* Your objective:
Copy out again, unchanged, the listing below from the line that has "Standbild Protein Allergie" through the line that has "Imágenes de la".

* Dataset records:
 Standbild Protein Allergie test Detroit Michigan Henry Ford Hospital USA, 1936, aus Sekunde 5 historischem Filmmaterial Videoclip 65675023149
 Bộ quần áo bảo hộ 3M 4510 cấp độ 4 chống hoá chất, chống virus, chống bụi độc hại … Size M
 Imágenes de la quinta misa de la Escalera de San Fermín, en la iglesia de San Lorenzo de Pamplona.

==

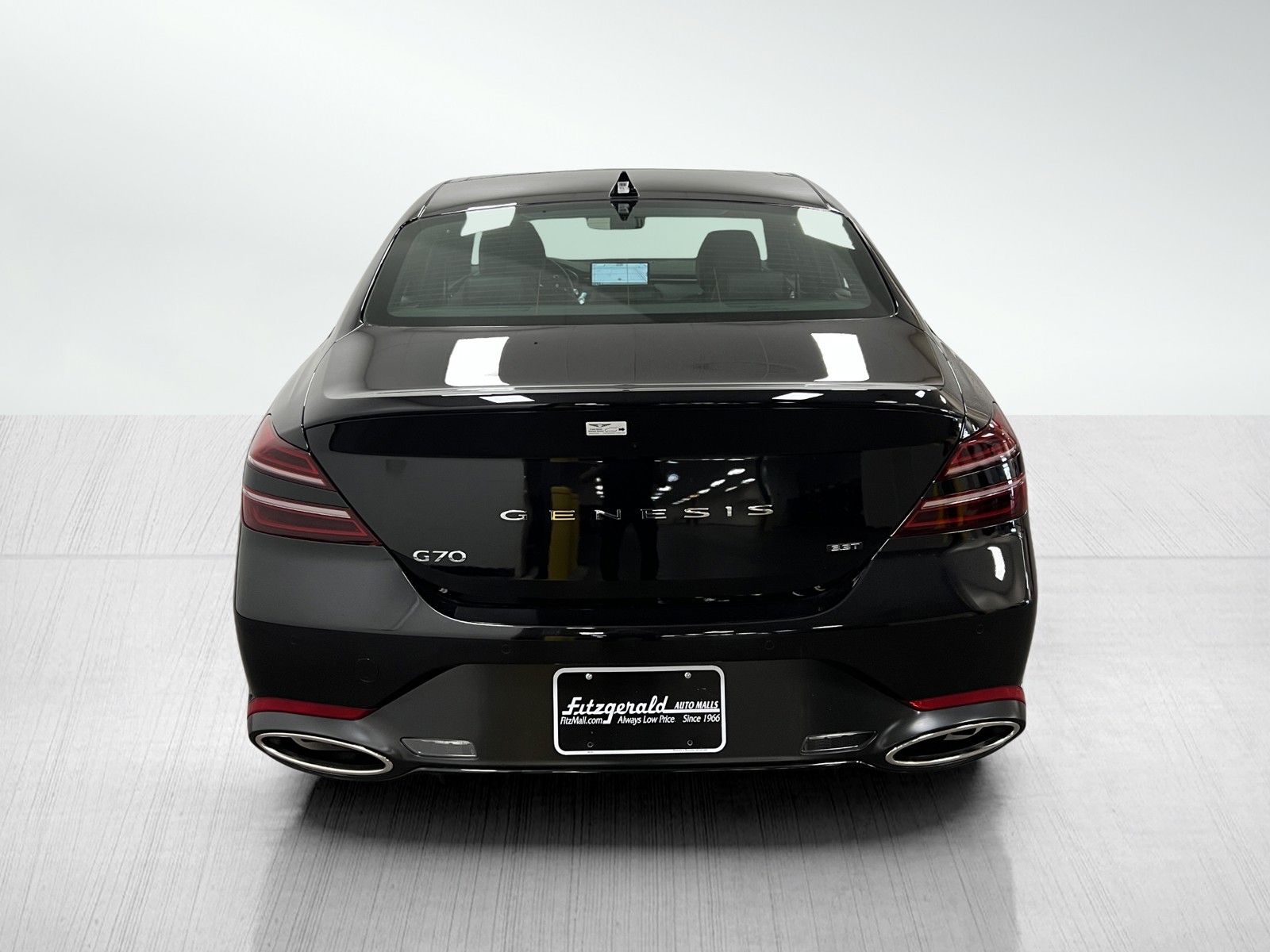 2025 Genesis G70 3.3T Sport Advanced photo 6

* Final answer:
 Standbild Protein Allergie test Detroit Michigan Henry Ford Hospital USA, 1936, aus Sekunde 5 historischem Filmmaterial Videoclip 65675023149
 Bộ quần áo bảo hộ 3M 4510 cấp độ 4 chống hoá chất, chống virus, chống bụi độc hại … Size M
 Imágenes de la quinta misa de la Escalera de San Fermín, en la iglesia de San Lorenzo de Pamplona.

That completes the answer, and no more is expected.